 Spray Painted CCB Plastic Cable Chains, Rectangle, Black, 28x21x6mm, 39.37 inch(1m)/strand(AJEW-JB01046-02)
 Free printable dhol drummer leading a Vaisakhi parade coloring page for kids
* * *
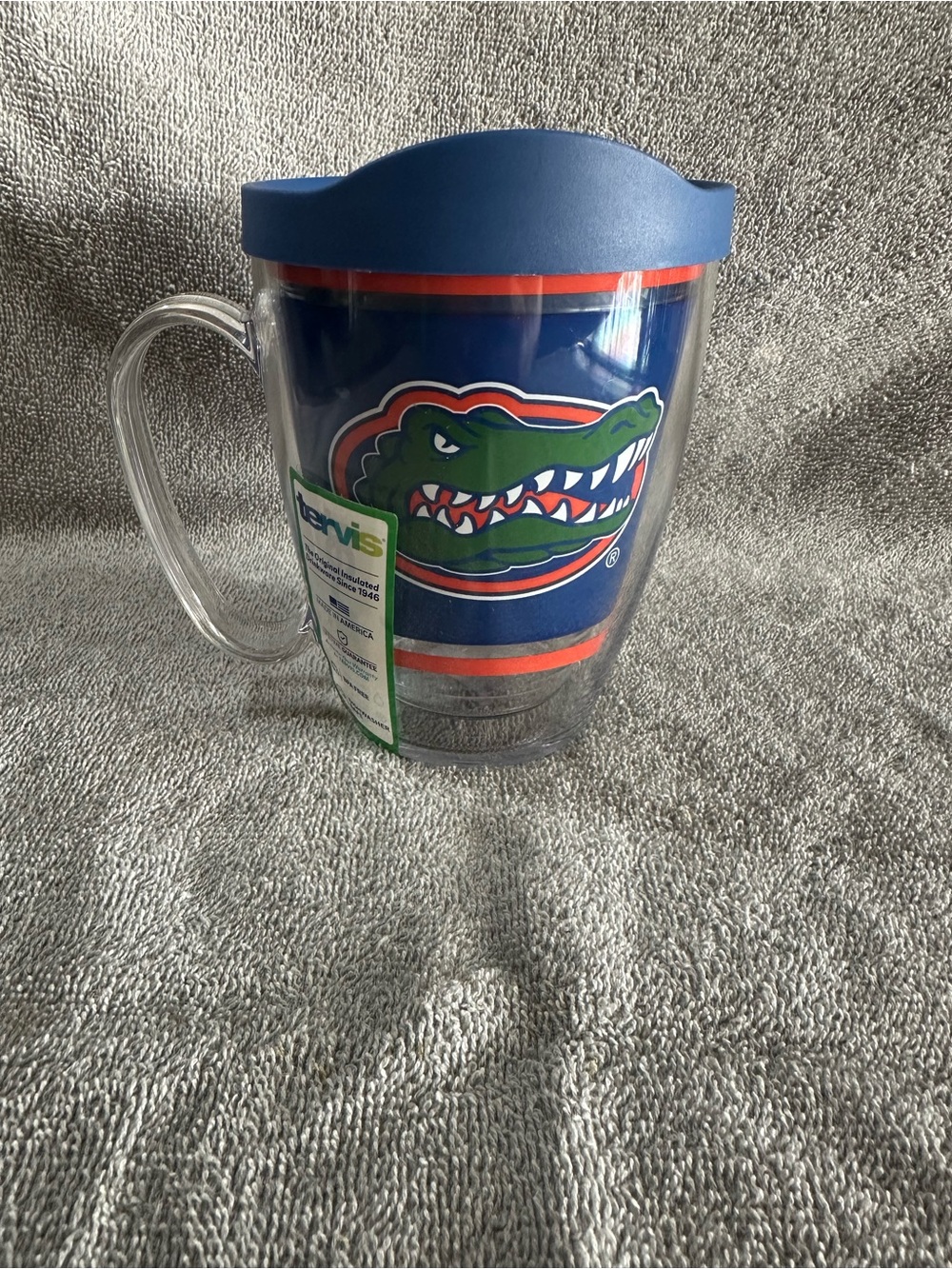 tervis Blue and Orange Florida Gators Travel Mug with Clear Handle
---
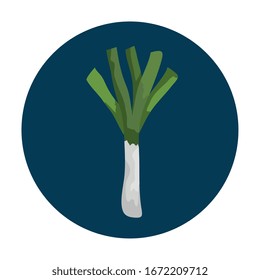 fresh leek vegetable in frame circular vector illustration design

— Problem statement —
Look above for the line with "Spray Painted CCB" and the line with "Free printable dhol". Retype those two lines and every line between them exactly, adding nothing.

— Response box —
 Spray Painted CCB Plastic Cable Chains, Rectangle, Black, 28x21x6mm, 39.37 inch(1m)/strand(AJEW-JB01046-02)
 Free printable dhol drummer leading a Vaisakhi parade coloring page for kids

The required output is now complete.